Aim of the exercise » Give back exactly the lines of the material below that start at the one holding "MHL00138 IWA Square" and end at the last line, minus the pictures.

Exercise data »
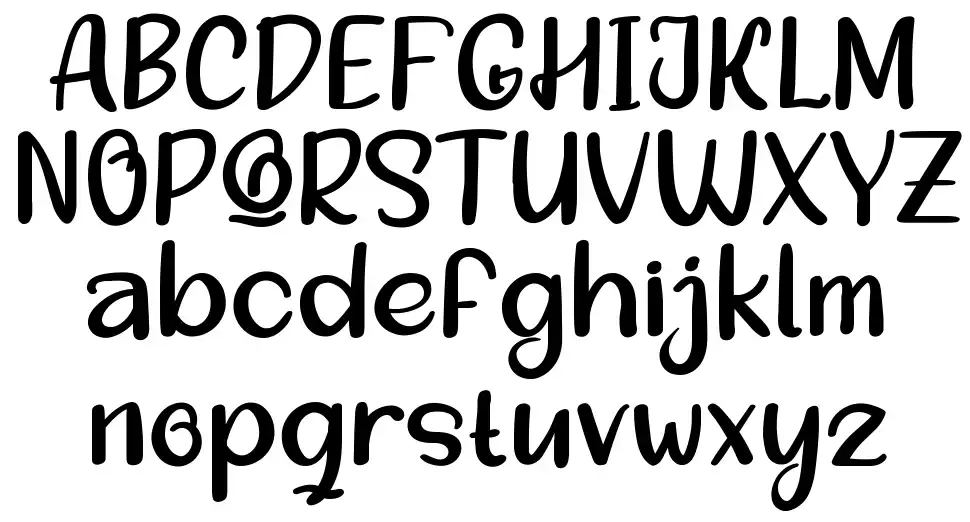 Sleekyfont specimens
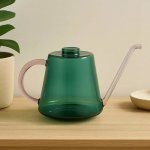 Hübsch Flora 1 l tmavě zelená – Zboží Dáma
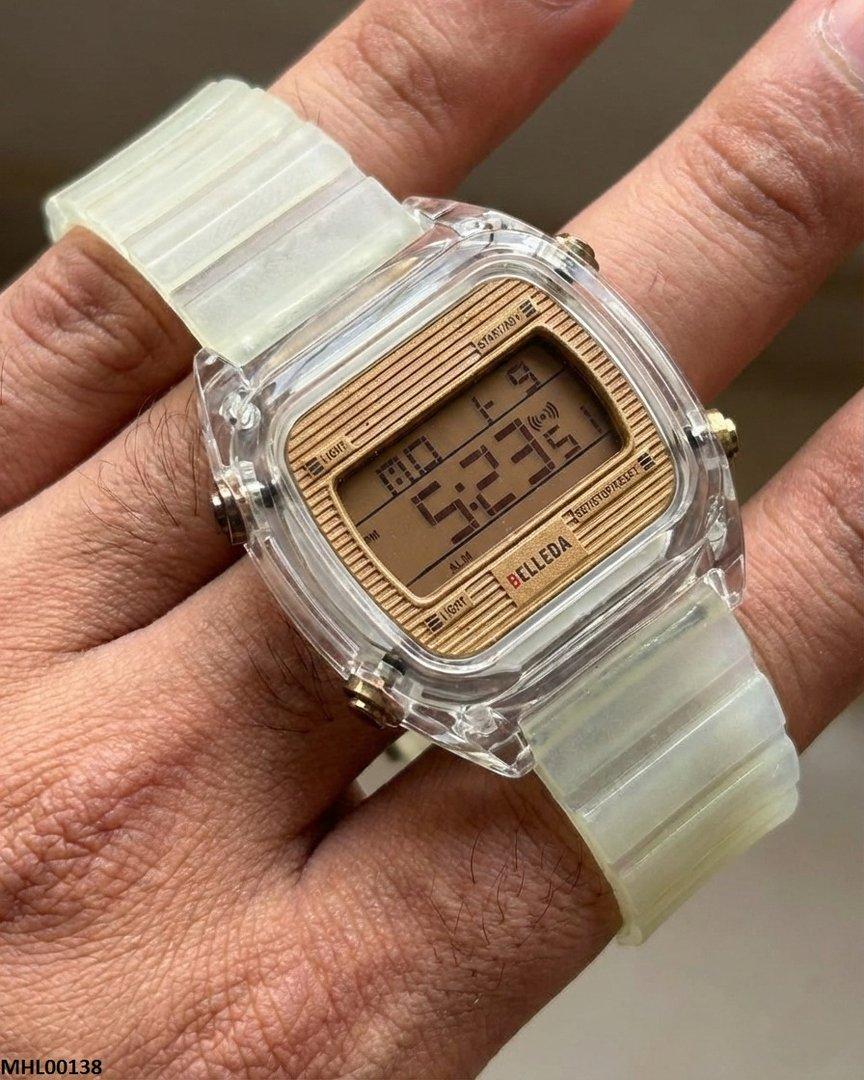 MHL00138 IWA Square Digital Sports Men's Watch - MHL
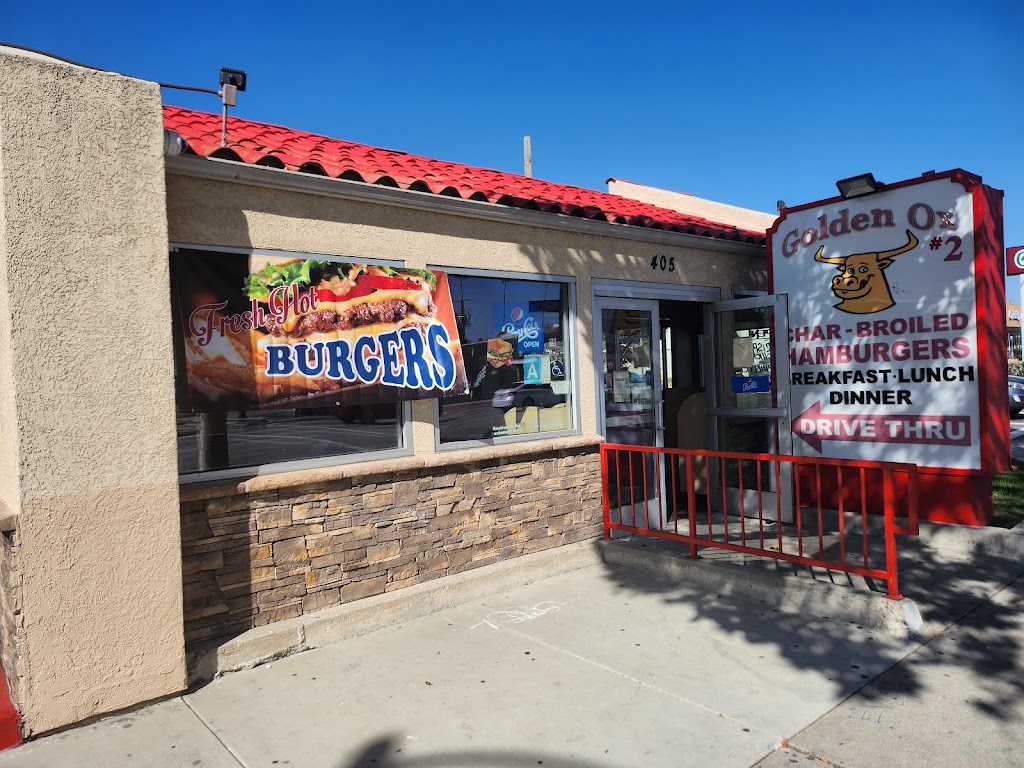 Golden Ox Burger | 405 W Holt Ave, Pomona, CA 91768, USA | Phone: (909) 622-1426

Finished task »
 MHL00138 IWA Square Digital Sports Men's Watch - MHL
 Golden Ox Burger | 405 W Holt Ave, Pomona, CA 91768, USA | Phone: (909) 622-1426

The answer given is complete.